Common signs of parentification in childhood include being “mature” for your age, difficulty with prioritizing personal needs over the needs of others, caretaking of others, calm situations being uncomfortable, and feeling grief when reflecting on childhood (Guy-Evans, 2025).

It can also present as needing to “fix” or “rescue” people, difficulty saying “no”, anxiety when trying to rest or relax, seeking validation through productivity or helpfulness, and difficulty asking for help (Guy-Evans, 2025).

Long-Term Effects of Parentification

Parentified children often experience symptoms of anxiety, perfectionism, and missed developmental milestones, with anxiety being the most common feature, particularly in social situations (Guha, 2021).

These symptoms are the result of a child needing to maintain a connection with their parent (please refer to research on “attachment theory”) and thus adapting to the circumstances in order to maintain that connection, despite the lack of the child’s emotional and physiological needs being met.

According to Guha (2021), this creates a sense of fear and helplessness for the developing child. The child perceives that the world around them is dangerous and requires adaptations for “survival” that would not have otherwise been present had the child felt safe to be a child.

Who Is Most at Risk?

Most at-risk are children who have parents with substance abuse problems, suffer from mental illness/chronic illness or health concerns, are immigrants/refugees, or are single/divorced.

Adults who were also victims of parentification are more likely to carry that forward with their own children (Dariotis, et al, 2023).

According to Buie (2026), parents are oftentimes unaware that they are parentifying their child. Despite this, Buie (2026) states that parentification usually happens in private, away from “other adults who could point it out” or step in to care for the child.

Healing From Parentification

The longer these behaviors continue, the more detrimental the negative effects. Building a supportive network as a parentifying adult or expanding resources to eliminate these behaviors is critical for personal well-being, relationships and family care.

There are also resources available to help someone who might have been parentified as a child and experiencing any of these symptoms.

Beginning therapy with a focus on attachment work (Psychology Today, 2025), learning boundaries, practicing mindfulness and self-compassion can encourage healing.

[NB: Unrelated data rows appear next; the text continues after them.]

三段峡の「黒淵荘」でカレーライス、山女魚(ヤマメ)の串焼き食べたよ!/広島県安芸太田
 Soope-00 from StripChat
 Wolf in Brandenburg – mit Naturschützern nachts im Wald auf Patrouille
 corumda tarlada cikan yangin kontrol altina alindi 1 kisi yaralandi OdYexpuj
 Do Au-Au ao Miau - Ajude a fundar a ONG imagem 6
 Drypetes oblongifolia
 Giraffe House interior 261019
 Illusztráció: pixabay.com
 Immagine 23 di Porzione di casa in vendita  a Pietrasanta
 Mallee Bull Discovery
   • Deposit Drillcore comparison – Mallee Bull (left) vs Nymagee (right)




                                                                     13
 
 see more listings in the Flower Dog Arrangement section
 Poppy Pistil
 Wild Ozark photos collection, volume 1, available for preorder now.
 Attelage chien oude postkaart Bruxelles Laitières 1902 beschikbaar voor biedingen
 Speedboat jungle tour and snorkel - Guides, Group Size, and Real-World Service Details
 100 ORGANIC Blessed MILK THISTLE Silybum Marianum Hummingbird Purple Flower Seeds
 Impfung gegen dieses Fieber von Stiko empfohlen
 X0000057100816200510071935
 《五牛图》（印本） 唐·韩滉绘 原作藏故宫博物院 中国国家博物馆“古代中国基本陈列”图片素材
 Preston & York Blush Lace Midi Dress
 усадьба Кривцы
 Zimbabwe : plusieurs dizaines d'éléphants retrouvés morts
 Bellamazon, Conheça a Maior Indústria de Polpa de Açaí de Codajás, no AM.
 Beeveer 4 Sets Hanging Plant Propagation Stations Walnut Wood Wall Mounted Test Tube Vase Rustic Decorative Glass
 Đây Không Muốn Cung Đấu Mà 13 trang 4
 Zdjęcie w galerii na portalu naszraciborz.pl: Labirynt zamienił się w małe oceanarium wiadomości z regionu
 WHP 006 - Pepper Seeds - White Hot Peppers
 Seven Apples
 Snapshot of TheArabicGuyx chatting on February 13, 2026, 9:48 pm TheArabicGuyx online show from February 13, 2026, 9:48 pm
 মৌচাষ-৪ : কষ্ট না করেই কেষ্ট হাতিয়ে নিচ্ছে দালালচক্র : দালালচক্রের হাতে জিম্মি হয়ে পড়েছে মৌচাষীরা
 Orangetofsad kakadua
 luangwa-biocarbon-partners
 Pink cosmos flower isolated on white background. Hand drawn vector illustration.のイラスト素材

Books like Adult Children of Emotionally Immature Parents by Lindsay C. Gibson, Running on Empty by Jonice Webb, and The Body Keeps the Score by Bessel van Der Kolk can provide further education on family roles, emotional neglect, childhood stress and trauma.

It’s time to take care of yourself and your needs.

References

Buie, E. (2026). Stolen childhoods: Divorce and emotional parentification. Psychology Today.

Dariotis, J. K., Chen, F. R., Park, Y. R., Nowak, M. K., French, K. M., & Codamon, A. M. (2023). Parentification vulnerability, reactivity, resilience, and thriving: A mixed methods systematic literature review. International Journal of Environmental Research and Public Health, 20(13), 6197.

Guha, A. (2021). The parentified child in adulthood. Psychology Today.

Guy-Evans, O. (2025). Parentification effects: How growing up too fast impacts adulthood. Simply Psychology.

Psychology Today. (2025). Parentification. Psychology Today.

Raypole, C. (2022). How to recognize and heal from emotional incest. Healthline.